Lunar Spherule #9 (Lu09)

Optical Observations: This spherule appeared to be shiny and black. A large chip appears to have been knocked off the side of the spherule, giving the spherule a slightly "faceted" appearance. The surface of the spherule did not appear to be terribly smooth.

SEM (Scanning Electron Microscope) Observations: The surface of the spherule appears to be relatively smooth, with a fair amount of material stuck to the sides. I can not tell whether this material is truly part of the spherule, or smaller grains adhering by static electricity. We determined the diameter of the spherule to be ~160um (micrometers). The chip seen in the optical observations may be on the lower left of figure 1.

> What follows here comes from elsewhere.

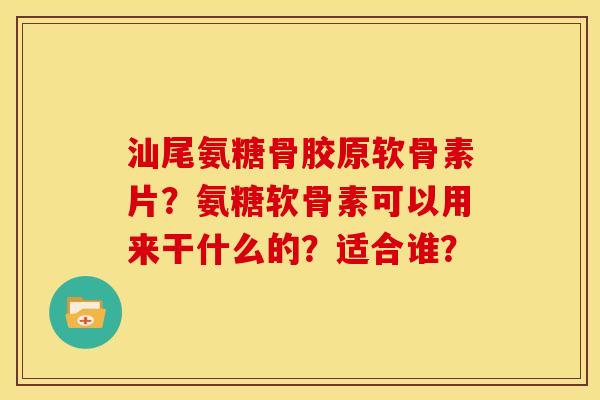汕尾氨糖骨胶原软骨素片？氨糖软骨素可以用来干什么的？适合谁？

Figure 1. SEM picture of lu09.

Electron Microprobe Observations: The electron microprobe is able to determine the elemental compositions of the lunar spherules. These are typically presented in the form of oxide weight percentage of the various elements that we analyzed for (table 1).

SiO2 Fe2O3 CaO Al2O3 MgO TiO2 Na2O K2O Sum
Avg. Wht %: 38.1 23.9 7.5 5.5 12.7 10.0 0.1 0.03 97.9
Highest Con: 39.9 28.5 9.9 7.3 30.2 11.2 0.3 0.06 99.9
Lowest Con: 33.9 21.4 0.9 1.4 8.6 5.1 0.0 0.01 95.8
Stndrd Dev: 0.7 0.6 0.9 0.5 1.9 0.5 0.0 0.01 0.6
% Stndrd Dev: 1.7 2.6 11.7 8.8 15.3 5.4 24.8 30.7 0.6
Table 1. Average weight percent, high and low concentrations, standard deviation and percent deviation of elements in lunar spherule #9.

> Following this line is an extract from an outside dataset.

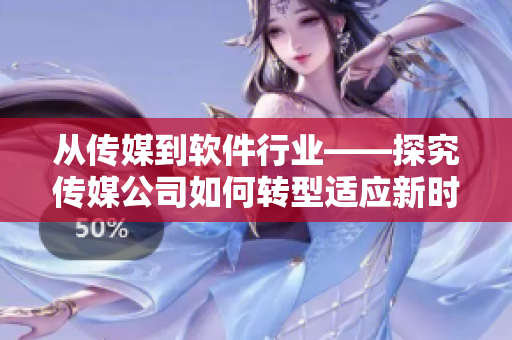 從傳媒到軟件行業(yè)——探究傳媒公司如何轉(zhuǎn)型適應(yīng)新時(shí)代需求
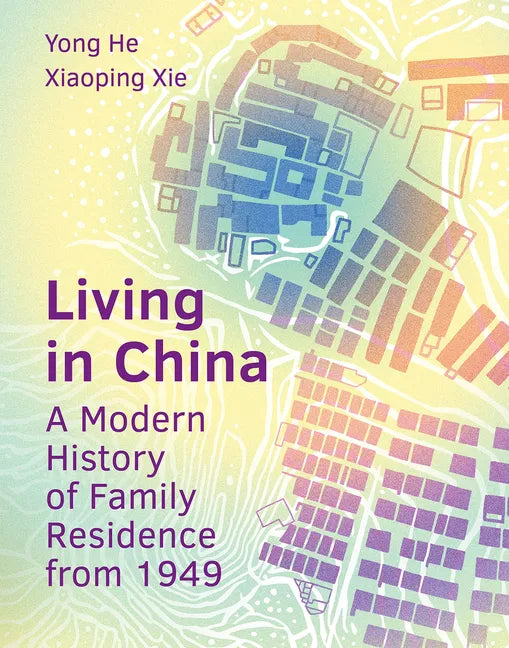 Living in China: A Modern History of Family Residence from 1949 - Hardcover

We also have produced elemental "maps" of the spherule (figure 2). In these maps the color intensity represents the concentration of a given element (so, light colors represent high concentrations and dark colors represent low concentrations. Unfortunately, we have not been able to produce good scales for these pictures, although we are working on it. To get a sense of the scale of each picture, look at the average and high and low concentrations given in table 1, above.

SiO2 Fe2O3 CaO Al2O3
MgO TiO2 Na2O K2O
Figure 2. Elemental "maps" of spherule #9.

Note the odd blob in figure two. The blob runs from left to right and is in the left half of the spherules, almost at the "equator." This blob could be a bit of the original impactor (note the high iron concentration) or it could be a fragment of a grain that was incorporated into the spherule. If the blob was partially melted it would be called a schlieren.

One reason for chosing this spherule is that the composition of the spherule is homogenus. When you plot the concentration of silicon dioxide versus the other elements we analyzed you can get a sense of this (figure 3).

Figure 3. Silicon dioxide weight percent versus other elements (in weight percent).

The tails to the left of the main concentration of the various elements represent mixing lines between the composition of the main glass in the spherules and the blob seen in figure 2.